The Best Markets in Hong Kong
Chinese markets are hectic and crowded, but great fun for the savvy shopper. The intensity of the bargaining and the variety of goods available are well worth the detour.
Nowadays Hong Kongers may prefer to flash their cash in department stores and designer boutiques, but generally,markets are still the best places to shop. Parents and grandparents, often toting children, go to their local neighborhood wet market almost daily to pick up fresh items such as tofu, fish, meat, fruit, and vegetables.
Some markets have a mishmash of items; others are more specialized, dealing in one particular ware. Prices paid are always a great topic of conversation. A compliment on a choice article will often elicit the price paid in reply, and a discussion may ensue on where to get the same thing at an even lower cost.

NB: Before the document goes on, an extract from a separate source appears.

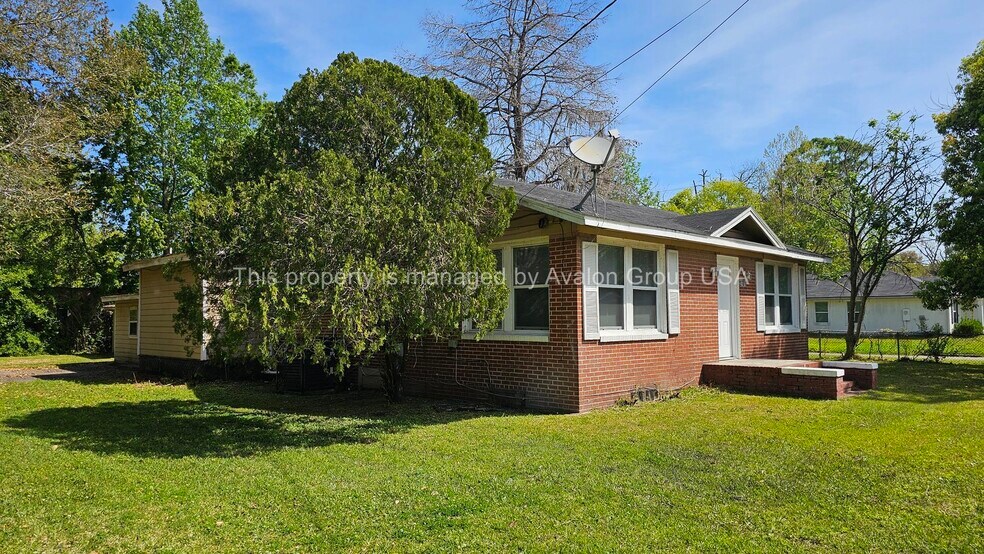 Building Photo - 2701 Lowell Ave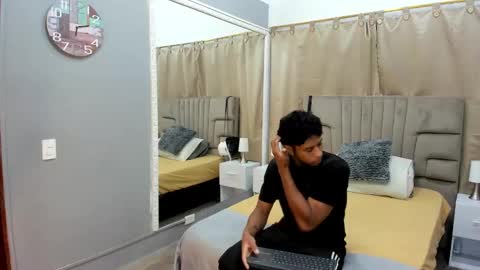 Snapshot of julian_billy chatting on 01.15.25 julian billy online show from 01.15.25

The prices we list are meant to give you an idea of what you can expect to pay for certain items. Actual post-bargaining prices will of course depend on how well you haggle, while pre-bargaining prices are often based on how much the vendor thinks he or she can get out of you.
Jade. A symbol of purity and beauty for the Chinese, jade comes in a range of colors. Subtle and simple bangles vie for attention with large sculptures in markets. A lavender jade Guanyin (Goddess of Mercy) pendant runs about HK$260 and a green jade bangle about HK$300 before bargaining.
Silk. You'll find silk items, from purses to slippers to traditional dresses, at certain markets. A meter of silk brocade (that’s slightly more than a yard) costs around HK$35, and the price is generally negotiable only if you buy large quantities.
Mah-Jongg Sets. The clack-clack of mah-jongg tiles can be heard late into the night in many public-housing estates during the summer. Cheap plastic sets go for about HK$40. Far more aesthetically pleasing are ceramic sets in slender drawers of painted cases. These run about HK$250 after bargaining, from a starting price of HK$450.
"Maomorabilia." The Chairman's image is available on badges, bags, lighters, watches, ad infinitum. Pop art–like figurines of Mao and his Red Guards clutching red books are kitschy but iconic. For sound bites and quotes from the Great Helmsman, buy the Little Red Book itself. Pre-bargaining, a badge costs HK$30, a bag HK$50, and a ceramic figurine HK$400. Just keep in mind that many posters are fakes.
Pearls. Many freshwater pearls are grown in Taihu; seawater pearls come from Japan or the South Seas. Some have been dyed and others mixed with semiprecious stones. Designs can be pretty wild, and the clasps are not of high quality, but necklaces and bracelets are cheap. Post-bargaining, a plain, short strand of pearls should cost around HK$50.
Propaganda and Comic Books. Follow the adventures of Master Q, or look for scenes from Chinese history and lots of gongfu (Chinese martial arts) stories, like Longfumun (Dragon Tiger Gate). Most titles are in Chinese and often in black and white, but can be bargained down to around HK$15.
Retro Finds. Odd items from the prewar ’30s to the booming ’70s include treasures like antique furniture, wooden toys, and tin advertising signs. Small items such as teapots can be bought for around HK$250. Retro items are harder to haggle for than mass-produced items.
At the Markets: Make sure to put money and valuables in a safe place. Pickpockets and bag slashers are becoming more common. When purchasing, watch out for fake materials (for example, synthetic silk).
Bringin' Home the Goods: Although that faux-Gucci handbag is tempting, remember that some countries have heavy penalties for the import of counterfeit goods. Likewise, that animal fur may be cheap, but you may get fined a lot more at your home airport than what you paid for it. Counterfeits are generally prohibited in the United States, but there's some gray area regarding goods with a "confusingly similar" trademark. Each person is allowed to bring in one such item, as long as it's for personal use and not for resale.
When to Go: Avoid weekends if you can and try to go early in the morning, from 8 am to 10 am, or early evening for the night markets. Rainy days are also good bets for avoiding the crowds and getting better prices.
How to Bargain
Successful bargaining requires knowing your prices and never losing your cool. Here's a step-by-step guide to getting the price you want and having fun at the same time.
- Start by deciding how much you're willing to pay for an item.
- Let the vendor know you're interested.
- The vendor will quote you a price, sometimes using a calculator.
- At this point it's up to you to express either incredulity or loss of interest. But be forewarned, the vendor plays this game, too.
- Name a price that's around 50%–60% of the original price—lower if you feel daring.
- Pass the calculator back and forth until you reach an agreement.
- Don't enter into negotiations if you aren't seriously considering the purchase.
- Don't haggle over small sums of money.
- If the vendor isn't budging, walk away; he'll likely call you back.
- It's better to bargain if the vendor is alone. He's unlikely to come down on the price if there's an audience.
- Saving face is everything in China. Remain pleasant and smile often.
- Buying more than one of something can get you a better deal.
- Dress down and leave your jewelry and watches in the hotel safe on the day you go marketing. You'll get a lower starting price if you don't flash your wealth.